Throughout the history of Palestinian struggle, the Intifada has stood as a unifying popular choice expressing the will of the masses. During Intifada Week (September 22–28), Palestinians recall two pivotal uprisings: the First Intifada (1987) and the AlAqsa Intifada (2000)—both marked by broad civil action and a firm moral stance against the usurping entity.

The First Intifada erupted in Gaza’s Jabalia refugee camp in 1987 and quickly spread to the West Bank, Al-Quds, and Palestinian communities inside the occupied territories. Crowds rallied to calls for boycotts, tax refusal, and general strikes, raising the banned Palestinian flag. Labor unions, students, and grassroots committees led a decentralized movement that strengthened community initiatives.

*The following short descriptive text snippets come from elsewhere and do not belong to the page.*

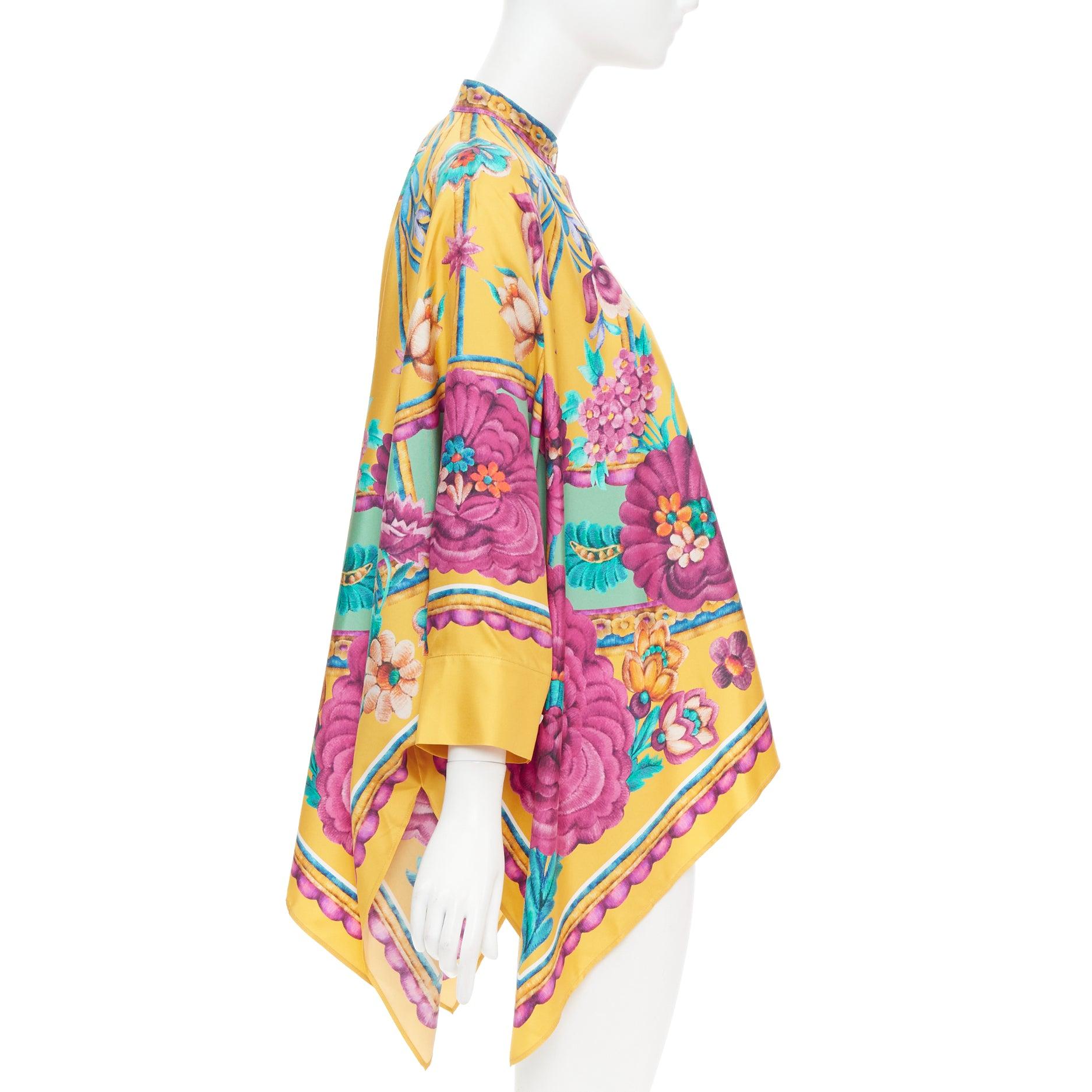 LE DOUBLE J Edición 36 Foulard 100% seda rosa dorado estampado floral caftán camisa XS Beige en venta
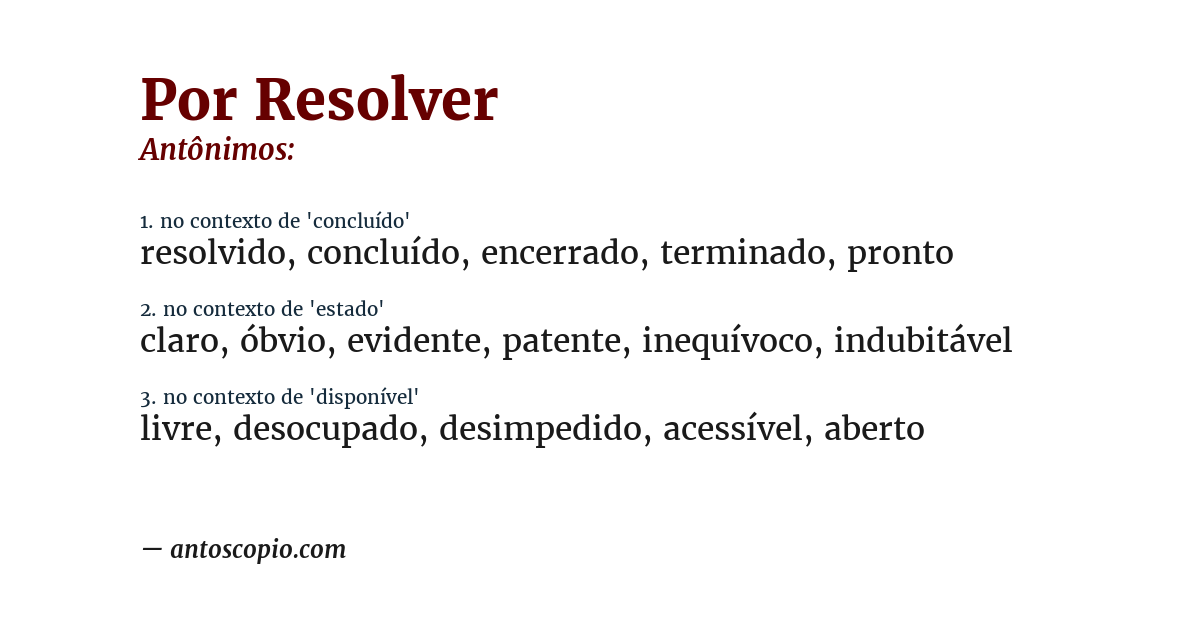 Antônimo de por resolver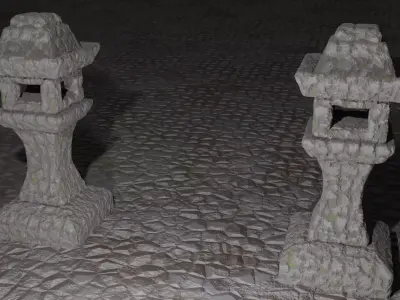 Japanese Stone Lantern Low-poly 3D model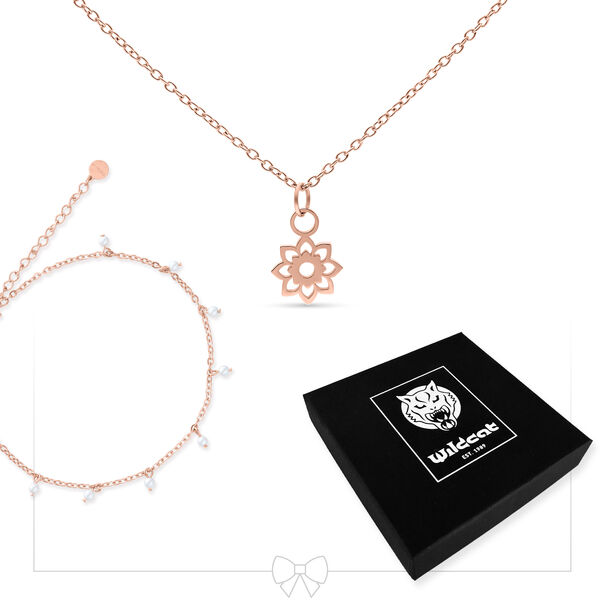 Collar de oro rosa con colgante de flores, tobillera con perlas y caja de regalo Wildcat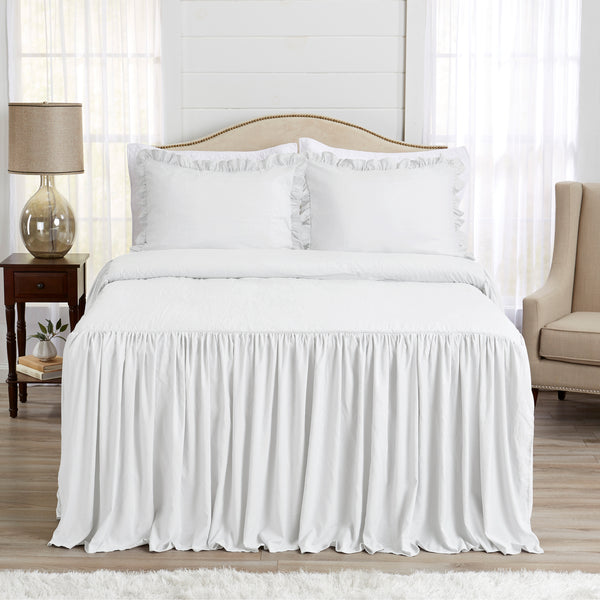 Gathered Bedspread White Collection Queen Size Extra Long Bedspread Cover alternate view
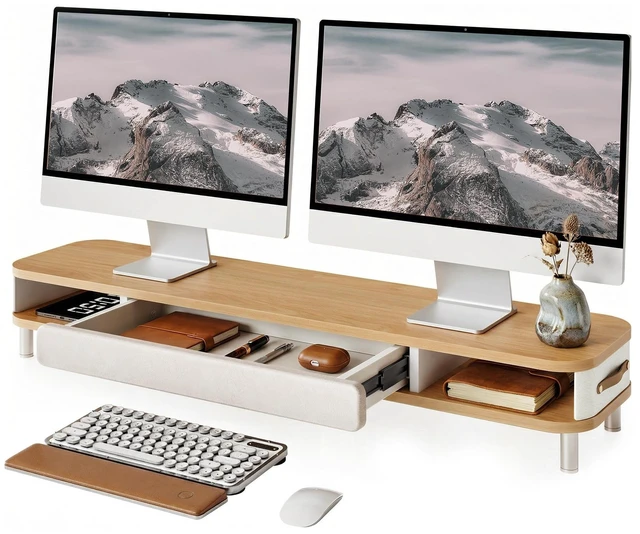 Main image of Fenge Dual Monitor Stand with Large Storage Drawer, 42.5" Desk Shelf, Oak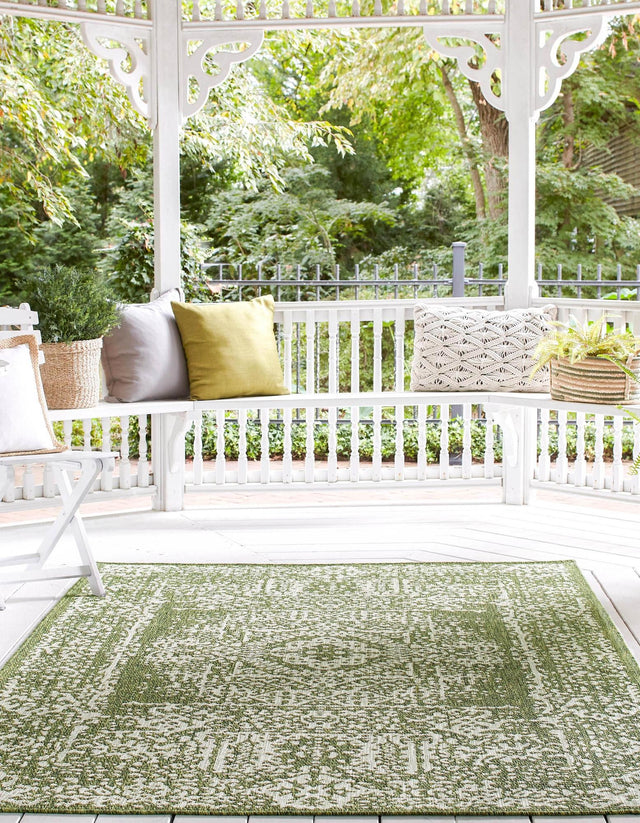 Green 7' 10 x 11' Outdoor Traditional Rectangle Area Rug Weather Resistant for Patio, Deck, Terrace, Balcony, Porch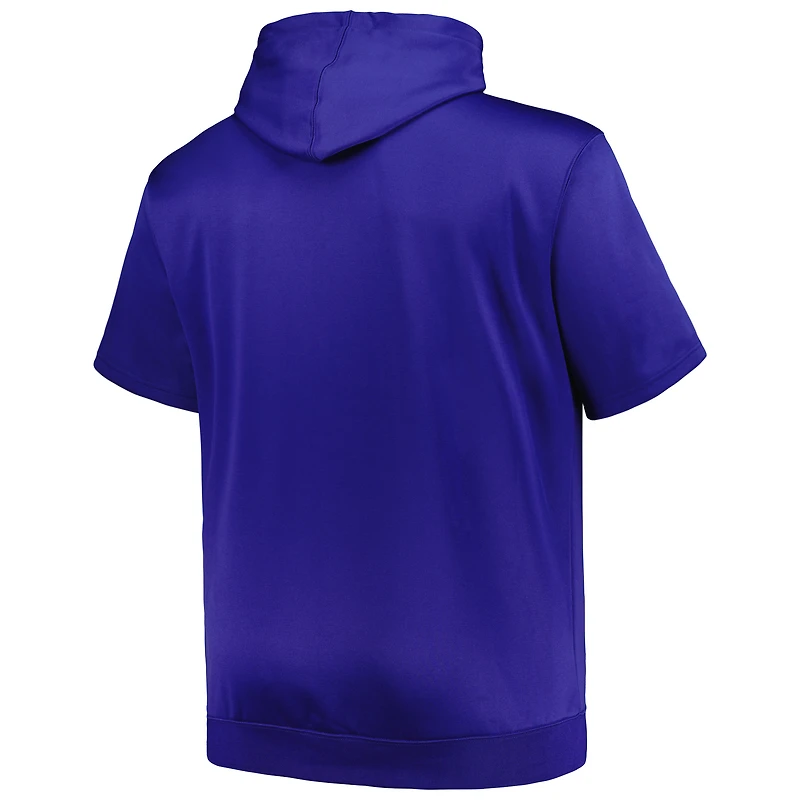 Men's Profile Royal New York Mets Big & Tall Contrast Short Sleeve Pullover Hoodie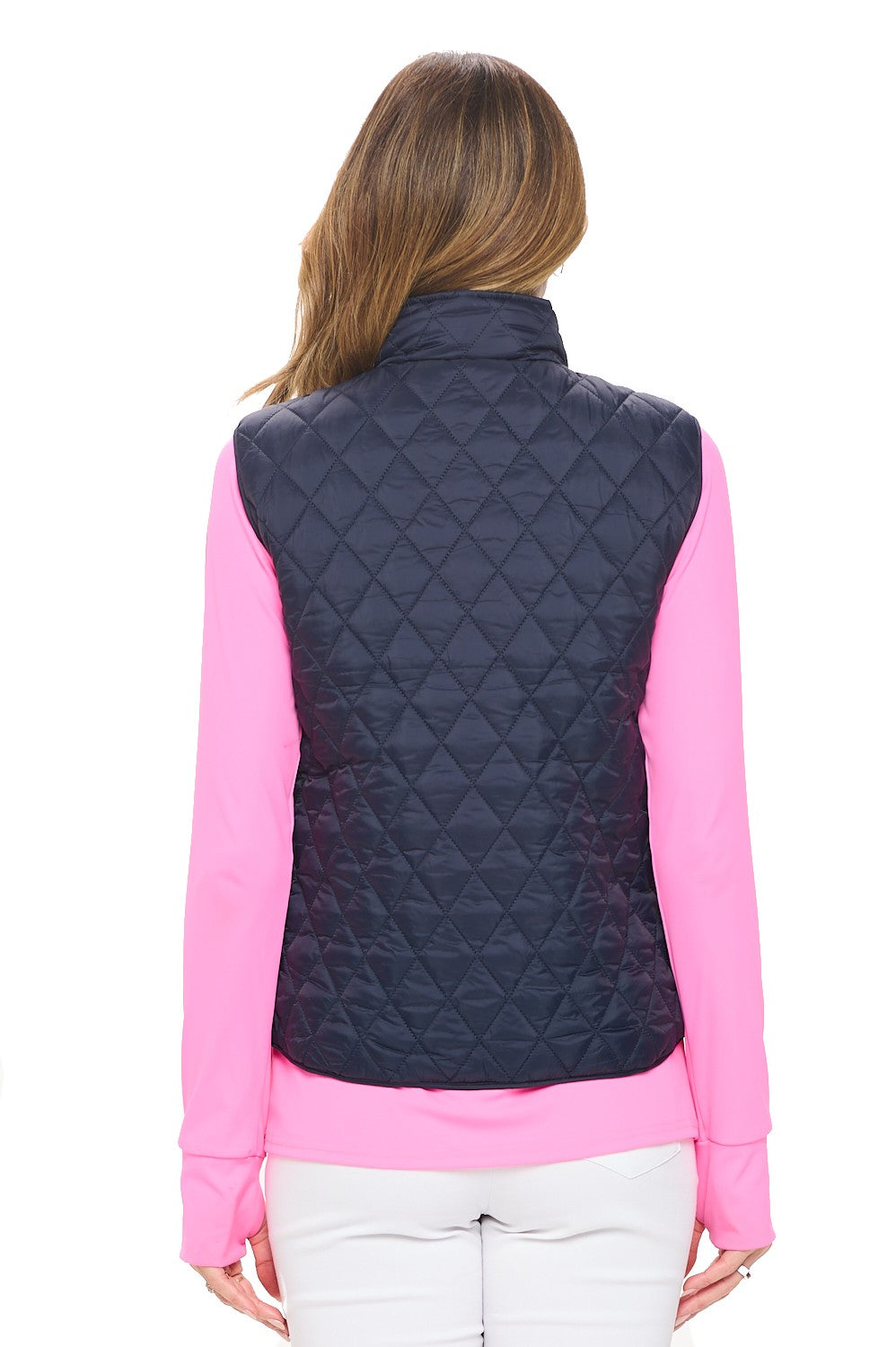 Classic Quilted Vest with Gold Zip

Beit Sahour became a model of popular steadfastness: mass tax refusal and local production projects reduced dependency on the economy of the usurping entity. Closed schools turned into secret classrooms, and education itself became an act of resistance. Women were on the frontlines in organization and sacrifice, reinforcing their political and social presence and sustaining a self-reliant society under siege.

When the Al-Aqsa Intifada broke out in 2000 after the provocative invasion of Al-Aqsa Mosque, global attention was seized by the tragic image of young Mohammed al-Durra, whose killing resonated worldwide. Massive protests and strikes swept across Palestine and the wider Arab world. Despite harsher repression, civil demonstrations and community initiatives maintained the core of the uprising as a moral movement. At the same time, youth confronted soldiers with stones, stood defiantly before tanks, and engaged in direct clashes and armed resistance against military positions, reviving the image of the “children of stones” challenging bulldozers and armored vehicles.

Today, as genocide unfolds in Gaza, the legacy of these two uprisings proves that the people’s choice cannot be crushed. Scenes of bombardment, displacement, and starvation revive memories of stones, barricades, and mass strikes, igniting a global wave of solidarity that grows by the day—from the streets of Europe and the Americas to squares across the Arab world and Africa. Just as the Intifadas once united generations and nations, that same spirit now drives marches of support, economic boycotts, and political pressure to halt the crimes of the usurping entity.

This affirms that the Intifada is not merely a historical memory but a living choice that renews itself whenever doors are closed and rights denied, embodying the belief that popular struggle—peaceful and defiant alike—can shake the structures of oppression, and that freedom and return remain rights safeguarded by will and steadfastness, generation after generation.